Be sure to check back frequently for more information!

** The Battleship NORTH CAROLINA will remain open to the public during construction **

The Basics


  • A cofferdam is a watertight structure built to allow the enclosed area to be pumped out, creating a dry work environment.
  • The Battleship cofferdam enables workers to repair and restore the ship’s corroded hull, which is paper-thin in places. The Battleship’s last major dry docking and repair work was done in 1953. It is long overdue!
  • The cofferdam was constructed by Orion Marine Group of Norfolk, Va.
  •  Cofferdam stats

    • 50 feet tall
    • 1,909 feet long around perimeter
    • 1,206 steel sheet piles
    • 229 vertical steel H-piles, 55 feet long
    • 229 battered steel H-piles, 60 feet long
    • 4.6 million pounds of steel (2,300 tons)
    • 4 slide gate weirs: 10 feet, 6 inches tall by 6 feet wide

The SECU Memorial Walkway

  • Under construction simultaneously, the SECU Memorial Walkway is a half-mile long, 10-foot-wide timber walkway surrounding the Battleship.
  • The SECU Memorial Walkway is above the water line but below the main deck of the Battleship. It enables visitors to see the ship’s entire hull for the first time.
  • The SECU Memorial Walkway includes five bump-out areas to honor each of the five branches of the military: Army, Navy, Marine Corps, Air Force and Coast Guard. The Merchant Marines will be honored by flying their flag on the quarterdeck.
  • The SECU Memorial Walkway is open to the public and free of charge.

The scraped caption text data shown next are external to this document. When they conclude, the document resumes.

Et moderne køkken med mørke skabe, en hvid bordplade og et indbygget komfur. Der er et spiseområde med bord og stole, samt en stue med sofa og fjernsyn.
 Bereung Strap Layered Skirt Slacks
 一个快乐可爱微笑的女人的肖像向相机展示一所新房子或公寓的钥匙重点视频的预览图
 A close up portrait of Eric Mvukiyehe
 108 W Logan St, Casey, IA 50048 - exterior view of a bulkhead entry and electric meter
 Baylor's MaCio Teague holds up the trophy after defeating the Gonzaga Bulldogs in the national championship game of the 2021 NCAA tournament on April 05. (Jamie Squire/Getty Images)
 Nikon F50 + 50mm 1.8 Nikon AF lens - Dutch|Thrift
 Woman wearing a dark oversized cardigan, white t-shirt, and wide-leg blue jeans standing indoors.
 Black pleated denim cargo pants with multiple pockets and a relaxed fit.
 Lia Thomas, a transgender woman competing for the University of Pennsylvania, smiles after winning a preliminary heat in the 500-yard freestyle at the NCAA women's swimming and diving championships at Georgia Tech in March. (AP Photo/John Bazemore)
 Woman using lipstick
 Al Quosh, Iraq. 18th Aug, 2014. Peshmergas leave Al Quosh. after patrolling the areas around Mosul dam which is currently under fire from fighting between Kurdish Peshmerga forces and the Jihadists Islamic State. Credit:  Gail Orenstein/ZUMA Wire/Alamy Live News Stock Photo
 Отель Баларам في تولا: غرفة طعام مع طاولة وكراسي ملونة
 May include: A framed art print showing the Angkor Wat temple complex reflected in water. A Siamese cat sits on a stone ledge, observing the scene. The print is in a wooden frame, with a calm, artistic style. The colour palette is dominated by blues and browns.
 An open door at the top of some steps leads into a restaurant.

Q: When the water and muck is pumped away from the ship, how will they shore the Battleship to keep her from listing? 

A: The ship is settled in approximately 25 feet of mud. The cofferdam allows us to access the portions of the hull (about a 10-foot band we call the “wind/water line”) that need to be replaced, but we will not remove all the water and mud from around the entire ship at one time. Enough water and mud will remain to ensure the stability of the Battleship, similar to what was done on the USS ALABAMA. The condition around the ship when we drain the water will be similar to what we experience at low tide. We will simply have more control over the amount of water around the ship while we replace steel.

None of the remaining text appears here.